Can We Control Suffering?

“It’s not suffering that leads to hopelessness. It’s suffering you think you can’t control.”
-Angela Duckworth,  Grit: The Power of Passion and Perseverance.

Can we control suffering? It’s a shocking question with perhaps no less a shocking answer: yes and no. If we delve into the psychology and spirituality of suffering, we discover the slippery slope of moving from pain to hopelessness.

First, let’s clarify the premise of the article by explaining that pain and suffering, while related, are actually two entirely separate existential problems. Pain is what happens to us, which we cannot control: a 6-year-old’s skinned knee, a teenager girl’s broken heart, a necessary corrective surgery for a burn victim. Pain is what we experience.

Suffering, however, is our response to pain. What do I think (cognitive); how do I feel (emotive); what do I do (behavioral)? These are three components to how we react when pain – which we cannot control – befalls us in various forms. Suffering, to a large degree, we can control. This means we can control how we respond to life’s misfortunes, tragedies, and losses.

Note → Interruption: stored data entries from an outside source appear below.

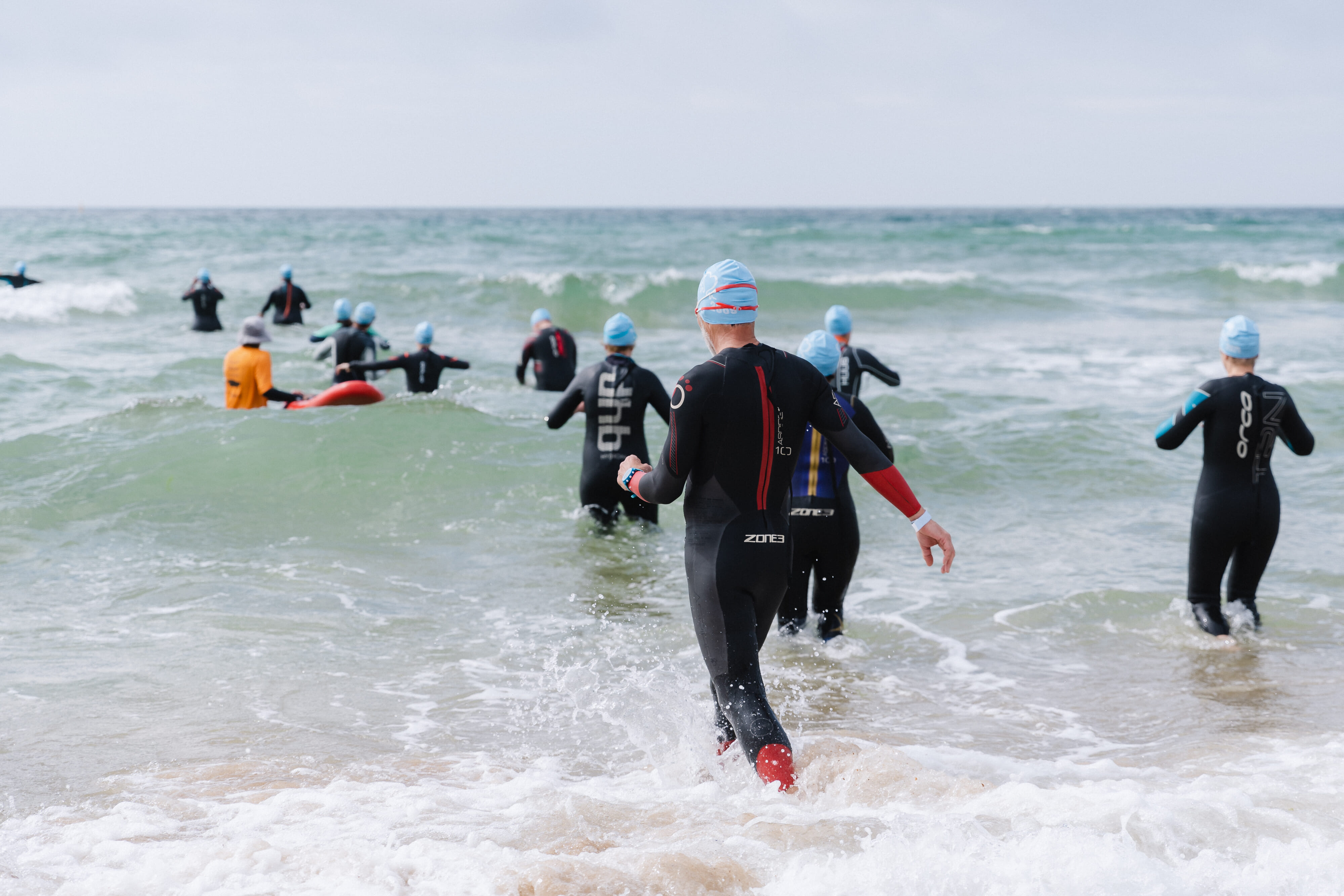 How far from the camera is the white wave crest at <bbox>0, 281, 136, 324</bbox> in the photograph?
974 inches

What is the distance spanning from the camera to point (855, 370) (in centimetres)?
852

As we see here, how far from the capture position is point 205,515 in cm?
901

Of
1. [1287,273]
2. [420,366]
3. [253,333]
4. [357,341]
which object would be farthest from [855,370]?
[1287,273]

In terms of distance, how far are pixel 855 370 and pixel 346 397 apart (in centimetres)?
629

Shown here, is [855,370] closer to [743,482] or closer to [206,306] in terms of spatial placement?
[743,482]

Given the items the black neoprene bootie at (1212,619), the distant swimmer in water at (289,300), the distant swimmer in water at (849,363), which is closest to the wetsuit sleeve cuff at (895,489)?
the black neoprene bootie at (1212,619)

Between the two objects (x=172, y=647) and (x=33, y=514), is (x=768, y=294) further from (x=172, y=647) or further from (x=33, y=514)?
(x=172, y=647)

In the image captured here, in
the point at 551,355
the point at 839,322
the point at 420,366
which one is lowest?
the point at 420,366

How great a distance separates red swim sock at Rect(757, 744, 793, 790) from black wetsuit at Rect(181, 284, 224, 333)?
771 inches

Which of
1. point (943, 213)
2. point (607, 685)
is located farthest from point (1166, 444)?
point (943, 213)

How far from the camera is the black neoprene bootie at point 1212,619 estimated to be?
627cm

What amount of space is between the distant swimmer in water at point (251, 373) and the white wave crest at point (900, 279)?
21.7 meters

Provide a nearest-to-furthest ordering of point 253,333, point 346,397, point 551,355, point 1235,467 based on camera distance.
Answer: point 1235,467
point 253,333
point 346,397
point 551,355

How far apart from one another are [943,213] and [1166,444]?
123m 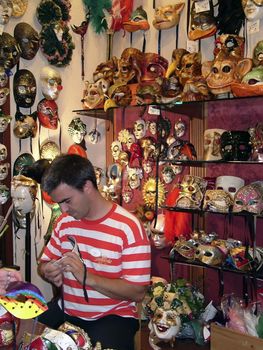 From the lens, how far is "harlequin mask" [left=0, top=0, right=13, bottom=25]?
2.69m

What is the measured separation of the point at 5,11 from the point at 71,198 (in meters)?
1.54

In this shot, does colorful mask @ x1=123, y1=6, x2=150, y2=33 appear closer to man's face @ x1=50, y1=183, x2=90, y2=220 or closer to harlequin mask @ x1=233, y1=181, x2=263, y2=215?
A: harlequin mask @ x1=233, y1=181, x2=263, y2=215

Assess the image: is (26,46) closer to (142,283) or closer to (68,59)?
(68,59)

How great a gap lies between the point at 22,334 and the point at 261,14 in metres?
2.09

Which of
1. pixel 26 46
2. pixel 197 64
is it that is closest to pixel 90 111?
pixel 26 46

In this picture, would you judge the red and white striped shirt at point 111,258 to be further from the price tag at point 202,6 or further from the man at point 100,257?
the price tag at point 202,6

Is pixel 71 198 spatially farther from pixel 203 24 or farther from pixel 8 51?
pixel 203 24

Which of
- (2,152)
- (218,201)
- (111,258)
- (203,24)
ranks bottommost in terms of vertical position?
(111,258)

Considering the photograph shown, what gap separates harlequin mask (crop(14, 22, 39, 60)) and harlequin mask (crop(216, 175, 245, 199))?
4.94 ft

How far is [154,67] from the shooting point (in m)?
2.90

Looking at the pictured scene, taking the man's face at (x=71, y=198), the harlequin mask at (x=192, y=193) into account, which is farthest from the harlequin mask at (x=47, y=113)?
the man's face at (x=71, y=198)

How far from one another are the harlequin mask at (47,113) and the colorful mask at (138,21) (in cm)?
75

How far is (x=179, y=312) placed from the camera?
245 cm

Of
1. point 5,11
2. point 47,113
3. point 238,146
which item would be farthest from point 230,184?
point 5,11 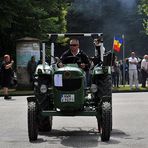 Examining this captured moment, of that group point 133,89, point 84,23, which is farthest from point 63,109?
point 84,23

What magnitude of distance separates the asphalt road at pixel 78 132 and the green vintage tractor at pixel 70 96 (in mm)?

When we move from a place of hope to hopelessness, a series of internal events must occur before we land in despair. The way we respond to pain nearly always begins with an initial thought: “I’m tired of my boss yelling at me all the time in front of my coworkers. It’s humiliating.” Or “I wish I didn’t have so many medical problems. It’s exhausting going to the doctor.”

The cognitive aspect of our reaction is based largely upon our worldview, too: do we believe that suffering is pointless or that it can be used for a greater, even if mysterious, purpose? That will lead to the thoughts of our pain – either eschewing or embracing. Most of us, of course, do not naturally gravitate toward embracing the cross, though it most certainly is the goal of every devout Christian. Instead, we learn to grow from wincing at the thought of inevitable pain to facing its reality to willingly entering into it.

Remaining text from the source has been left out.